ひかりさんよりコメントを頂きました。有り難うございました。
前回のエントリーで問われたことに対して答えにならないことを書いておりました。申し訳ございませんでした。

光明に分類があるという件については、当事者として区別ができるものではありません。また、阿弥陀仏が信前の人に調熟の光明を放ち、信後の人にだけ摂護の光明を放たれているという区別をされているのでもありません。(光明は分類できるのでしょうか?(のぞみさんのコメント) - 安心問答(浄土真宗の信心について)

これはどういう意味ですか。「当事者として区別できない」のなら、「人間の側」で区別をするのはナンセンスなのではないですかとのぞみさんが言われているのと同じことを言われているように思うのですが。

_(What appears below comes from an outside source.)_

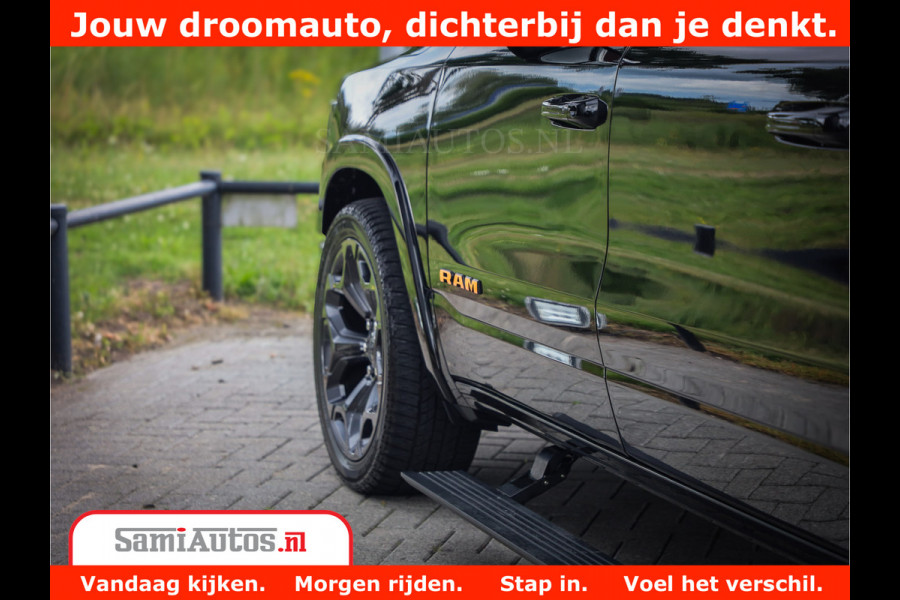 Dodge Ram 1500 LIMITED | 5.7 V8 HEMI | HUD | BOM VOL | LUCHTVERING | PANORAMA | ADAPTIVE CRUISE | 360 CAM | 3500KG | LEDER | DUBBELE CABINE | BPM VRIJ | LANE ASSIST | APPLE CARPLAY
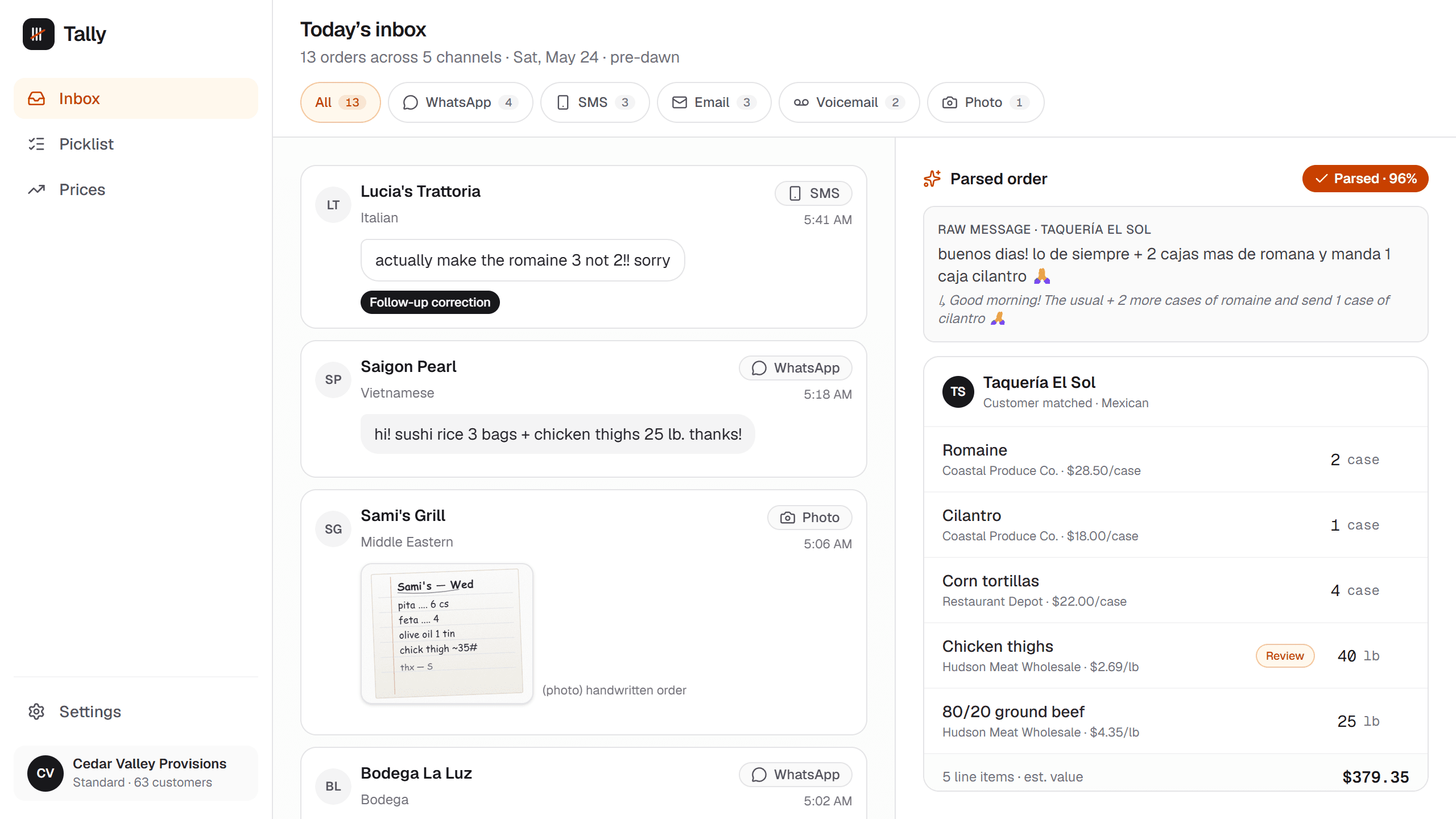 Tally interface parsing messy restaurant orders into clean line items.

南無阿弥陀仏は全部同じだから「調熟の光明」とか「摂護の光明」と分けるのは「当事者としては区別できない」のなら、言ってはならない、言うのも無意味ということですか??(ひかりさんのコメント1)

http://d.hatena.ne.jp/yamamoya/20101027/1288125686#c1288171186

言ってはならない、言うのも無意味ということではありませんでした。申し訳ございませんでした。問いに対して十分な回答になっておりませんでした。

南無阿弥陀仏といえば全て同じとなりますが、光明を「調熟の光明」とか「摂護の光明」と分けることに意味がないのではありません。一人一人にいろいろな形で働いて下さっている阿弥陀仏のお働きを教えて下さったのが光明についてのいろいろな説明ですから、とても大事なことです。
光明のお働きによっていろいろな言い方がありますが、現在救われた人にだけ特別な光明が働いているのでもありませんし、私の側から光明が目に見えて強いとか弱いとか判定できるものではありませんという意味で書こうと思いました。ただ、ご指摘いただき私の文章は、光明を区別するのはナンセンスといっている文章になりますので質問に対して適切に答えたことになっていませんでした。申し訳ございませんでした。

それならどうしてこのように分けて言われているのですか。信前信後の時間の区別によってではないなら何でしょう。本来どういう意味で何を伝えるがために言われたことなのですか?と思います。それ以前に、光明と名号は同じなのですか。基本的なことで申し訳ありませんが。(ひかりさんのコメント2)

http://d.hatena.ne.jp/yamamoya/20101027/1288125686#c1288171186

光明は、仏の智慧を象徴するものです。

しかれば阿弥陀仏は光明なり、光明は智慧のかたちなりとしるべし。(唯信鈔文意・註釈版聖典P710

阿弥陀仏の智慧のかたち(智慧の徳)を光明といわれています。
調熟の光明といった場合は、未熟な者を調育して仏法を聞くように導いて下さる阿弥陀仏のお働きをいいます。
摂護の光明といった場合は、本願を疑いなく聞いて念仏する者を阿弥陀仏がおさめ護って下さるお働きをいいます。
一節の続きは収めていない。